I'm only through the first act watching this, and most striking thing - other than the gorgeous pair of drooling Newfies that Sachs/older Wagner has during the overture - is how much the stage business with Beckmesser/Hermann Levi is not from the opera, and does not fit with the opera. There's a lot more to go, but this is not promising. And I highly doubt that this is going to be the point.

And thinking of recent stagings, what other ones have gone with Beckmesser as a Jew/caricature?
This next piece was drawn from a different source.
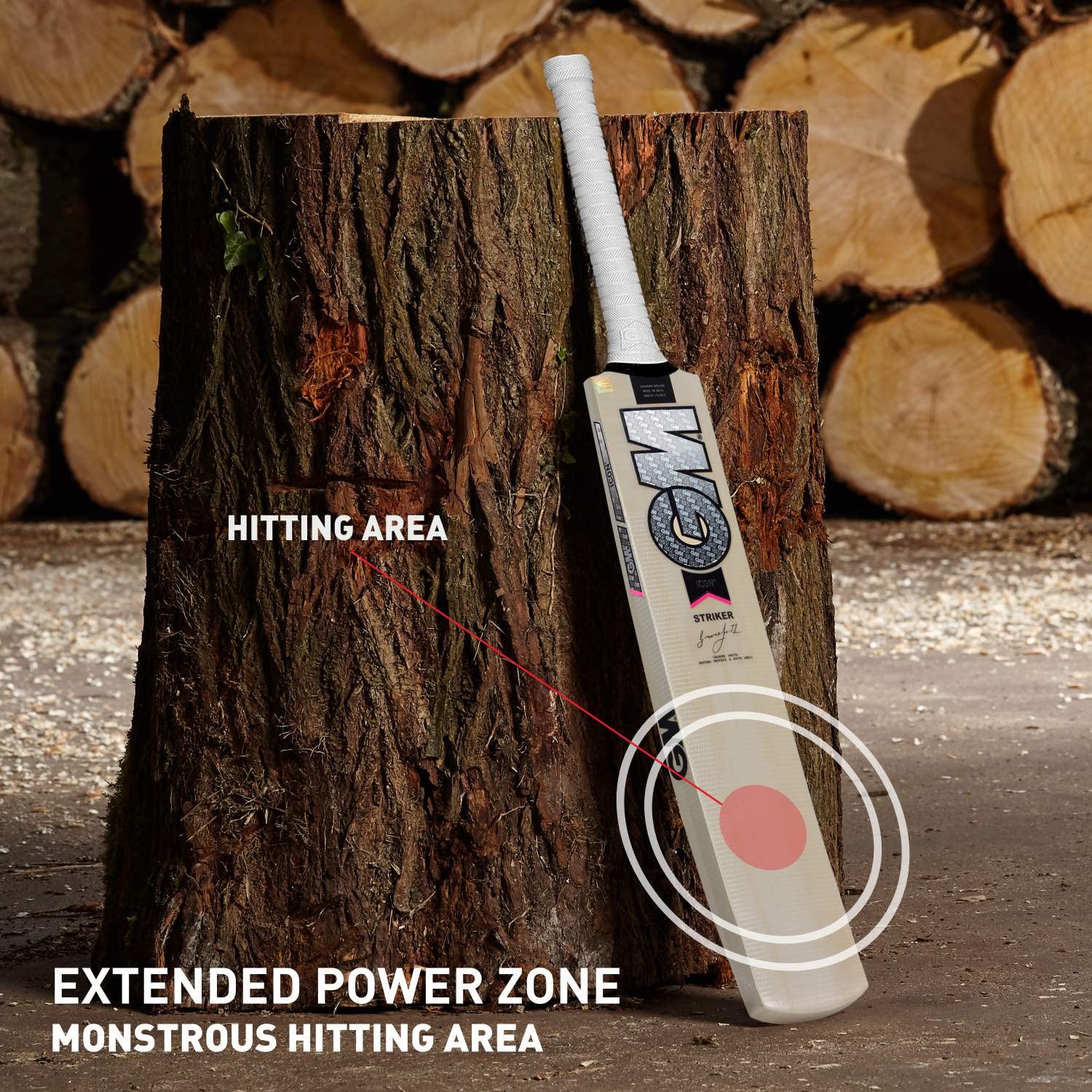 GM Icon Striker Kashmir Willow Cricket Bat - Best Price online Prokicksports.com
That is not the approach in Wagner's 2008 production at Bayreuth, nor McVicar's 2011 for Glyndebourne, Herheim's 2013 production for Salzburg (another meta-textual take), nor Bösch's 2016 version for Bayerische Staatsoper.


----------



## Woodduck (Mar 17, 2014)

mountmccabe said:


> I'm only through the first act watching this, and most striking thing - other than the gorgeous pair of drooling Newfies that Sachs/older Wagner has during the overture - is how much the stage business with Beckmesser/Hermann Levi is not from the opera, and does not fit with the opera. There's a lot more to go, but this is not promising. And I highly doubt that this is going to be the point.
> 
> And thinking of recent stagings, what other ones have gone with Beckmesser as a Jew/caricature? That is not the approach in Wagner's 2008 production at Bayreuth, nor McVicar's 2011 for Glyndebourne, Herheim's 2013 production for Salzburg (another meta-textual take), nor Bösch's 2016 version for Bayerische Staatsoper.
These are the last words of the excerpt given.